> _TRY IT_:
In the records below, find the line with "Vaqueros Anchos Mujer" and the line with "Pacsun Light Indigo"; return exactly those lines and every line between them.

(DATA TO PROCESS)

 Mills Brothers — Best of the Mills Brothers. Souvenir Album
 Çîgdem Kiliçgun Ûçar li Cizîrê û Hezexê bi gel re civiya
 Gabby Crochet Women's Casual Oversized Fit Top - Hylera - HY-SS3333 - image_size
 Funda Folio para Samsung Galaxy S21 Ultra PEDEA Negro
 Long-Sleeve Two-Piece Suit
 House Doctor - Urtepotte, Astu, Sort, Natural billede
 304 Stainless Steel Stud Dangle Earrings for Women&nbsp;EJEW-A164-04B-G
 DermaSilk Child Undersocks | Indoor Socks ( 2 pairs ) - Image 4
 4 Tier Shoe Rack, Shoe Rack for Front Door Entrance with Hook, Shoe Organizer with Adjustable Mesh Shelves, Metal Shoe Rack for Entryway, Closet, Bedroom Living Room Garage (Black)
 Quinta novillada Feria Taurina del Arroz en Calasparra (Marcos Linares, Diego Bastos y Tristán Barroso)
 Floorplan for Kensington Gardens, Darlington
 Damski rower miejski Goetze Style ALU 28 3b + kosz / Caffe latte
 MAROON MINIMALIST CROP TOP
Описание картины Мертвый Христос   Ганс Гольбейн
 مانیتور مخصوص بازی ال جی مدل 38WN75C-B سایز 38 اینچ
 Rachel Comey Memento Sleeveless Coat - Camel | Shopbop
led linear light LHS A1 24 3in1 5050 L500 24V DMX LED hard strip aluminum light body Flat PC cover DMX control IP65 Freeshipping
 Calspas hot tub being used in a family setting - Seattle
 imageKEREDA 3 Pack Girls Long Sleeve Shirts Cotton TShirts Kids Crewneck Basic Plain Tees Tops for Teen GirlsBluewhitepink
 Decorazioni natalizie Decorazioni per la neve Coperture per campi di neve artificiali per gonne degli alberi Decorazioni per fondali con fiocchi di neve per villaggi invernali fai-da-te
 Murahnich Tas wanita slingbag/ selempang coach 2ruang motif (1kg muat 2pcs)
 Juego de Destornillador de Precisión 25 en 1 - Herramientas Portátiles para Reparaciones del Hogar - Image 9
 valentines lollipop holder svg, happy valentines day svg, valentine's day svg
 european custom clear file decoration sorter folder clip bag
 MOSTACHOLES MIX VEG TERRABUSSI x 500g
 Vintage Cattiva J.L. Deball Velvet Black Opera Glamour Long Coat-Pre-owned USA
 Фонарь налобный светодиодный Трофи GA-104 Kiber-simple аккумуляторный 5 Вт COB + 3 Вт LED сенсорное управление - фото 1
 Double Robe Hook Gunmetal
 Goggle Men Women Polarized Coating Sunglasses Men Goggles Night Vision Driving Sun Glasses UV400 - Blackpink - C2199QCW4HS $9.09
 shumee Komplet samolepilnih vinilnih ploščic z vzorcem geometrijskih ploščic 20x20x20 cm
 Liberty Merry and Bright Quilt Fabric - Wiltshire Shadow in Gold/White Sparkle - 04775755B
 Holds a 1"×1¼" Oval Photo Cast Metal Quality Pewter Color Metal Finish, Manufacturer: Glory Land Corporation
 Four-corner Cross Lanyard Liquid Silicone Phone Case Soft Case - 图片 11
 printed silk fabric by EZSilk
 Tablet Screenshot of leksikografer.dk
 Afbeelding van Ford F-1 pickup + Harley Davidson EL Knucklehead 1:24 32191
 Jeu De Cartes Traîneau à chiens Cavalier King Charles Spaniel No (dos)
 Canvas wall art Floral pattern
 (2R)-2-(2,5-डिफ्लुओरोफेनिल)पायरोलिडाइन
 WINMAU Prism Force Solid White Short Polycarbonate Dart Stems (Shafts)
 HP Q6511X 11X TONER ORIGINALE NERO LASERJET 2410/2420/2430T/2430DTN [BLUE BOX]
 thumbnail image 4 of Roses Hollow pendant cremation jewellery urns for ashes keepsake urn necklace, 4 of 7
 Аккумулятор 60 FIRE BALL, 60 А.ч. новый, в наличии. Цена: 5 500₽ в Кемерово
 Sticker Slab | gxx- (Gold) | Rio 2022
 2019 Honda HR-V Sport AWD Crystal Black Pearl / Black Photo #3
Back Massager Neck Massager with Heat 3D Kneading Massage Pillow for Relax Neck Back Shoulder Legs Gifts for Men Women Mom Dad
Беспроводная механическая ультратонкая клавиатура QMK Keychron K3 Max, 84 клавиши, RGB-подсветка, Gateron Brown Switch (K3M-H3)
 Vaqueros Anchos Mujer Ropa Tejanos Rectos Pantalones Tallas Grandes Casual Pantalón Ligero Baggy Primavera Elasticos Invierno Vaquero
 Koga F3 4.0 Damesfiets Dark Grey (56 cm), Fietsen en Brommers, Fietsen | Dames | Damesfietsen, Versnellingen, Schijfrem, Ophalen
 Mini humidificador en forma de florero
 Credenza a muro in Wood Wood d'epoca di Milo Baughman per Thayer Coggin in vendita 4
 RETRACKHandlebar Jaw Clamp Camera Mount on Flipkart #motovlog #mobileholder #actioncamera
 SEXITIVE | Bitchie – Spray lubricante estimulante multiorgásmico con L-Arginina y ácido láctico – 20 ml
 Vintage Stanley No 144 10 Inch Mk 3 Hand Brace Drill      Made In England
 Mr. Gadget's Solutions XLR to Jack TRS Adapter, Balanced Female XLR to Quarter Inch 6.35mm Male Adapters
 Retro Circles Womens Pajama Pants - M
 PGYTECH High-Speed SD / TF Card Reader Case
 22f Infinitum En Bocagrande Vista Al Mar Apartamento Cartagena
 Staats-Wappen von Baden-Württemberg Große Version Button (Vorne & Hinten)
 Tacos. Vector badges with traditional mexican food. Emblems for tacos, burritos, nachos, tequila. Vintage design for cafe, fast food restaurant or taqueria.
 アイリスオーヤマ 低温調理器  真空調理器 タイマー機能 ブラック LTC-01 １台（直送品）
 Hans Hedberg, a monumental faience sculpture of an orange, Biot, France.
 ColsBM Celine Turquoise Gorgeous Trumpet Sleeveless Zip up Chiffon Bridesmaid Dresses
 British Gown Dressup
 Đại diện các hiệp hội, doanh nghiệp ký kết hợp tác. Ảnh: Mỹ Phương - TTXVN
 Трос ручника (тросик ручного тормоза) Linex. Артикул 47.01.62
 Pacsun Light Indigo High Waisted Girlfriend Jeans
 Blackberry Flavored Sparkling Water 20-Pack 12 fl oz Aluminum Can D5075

(End DATA TO PROCESS)

> _ANSWER FOR THE TASK_:
 Vaqueros Anchos Mujer Ropa Tejanos Rectos Pantalones Tallas Grandes Casual Pantalón Ligero Baggy Primavera Elasticos Invierno Vaquero
 Koga F3 4.0 Damesfiets Dark Grey (56 cm), Fietsen en Brommers, Fietsen | Dames | Damesfietsen, Versnellingen, Schijfrem, Ophalen
 Mini humidificador en forma de florero
 Credenza a muro in Wood Wood d'epoca di Milo Baughman per Thayer Coggin in vendita 4
 RETRACKHandlebar Jaw Clamp Camera Mount on Flipkart #motovlog #mobileholder #actioncamera
 SEXITIVE | Bitchie – Spray lubricante estimulante multiorgásmico con L-Arginina y ácido láctico – 20 ml
 Vintage Stanley No 144 10 Inch Mk 3 Hand Brace Drill      Made In England
 Mr. Gadget's Solutions XLR to Jack TRS Adapter, Balanced Female XLR to Quarter Inch 6.35mm Male Adapters
 Retro Circles Womens Pajama Pants - M
 PGYTECH High-Speed SD / TF Card Reader Case
 22f Infinitum En Bocagrande Vista Al Mar Apartamento Cartagena
 Staats-Wappen von Baden-Württemberg Große Version Button (Vorne & Hinten)
 Tacos. Vector badges with traditional mexican food. Emblems for tacos, burritos, nachos, tequila. Vintage design for cafe, fast food restaurant or taqueria.
 アイリスオーヤマ 低温調理器  真空調理器 タイマー機能 ブラック LTC-01 １台（直送品）
 Hans Hedberg, a monumental faience sculpture of an orange, Biot, France.
 ColsBM Celine Turquoise Gorgeous Trumpet Sleeveless Zip up Chiffon Bridesmaid Dresses
 British Gown Dressup
 Đại diện các hiệp hội, doanh nghiệp ký kết hợp tác. Ảnh: Mỹ Phương - TTXVN
 Трос ручника (тросик ручного тормоза) Linex. Артикул 47.01.62
 Pacsun Light Indigo High Waisted Girlfriend Jeans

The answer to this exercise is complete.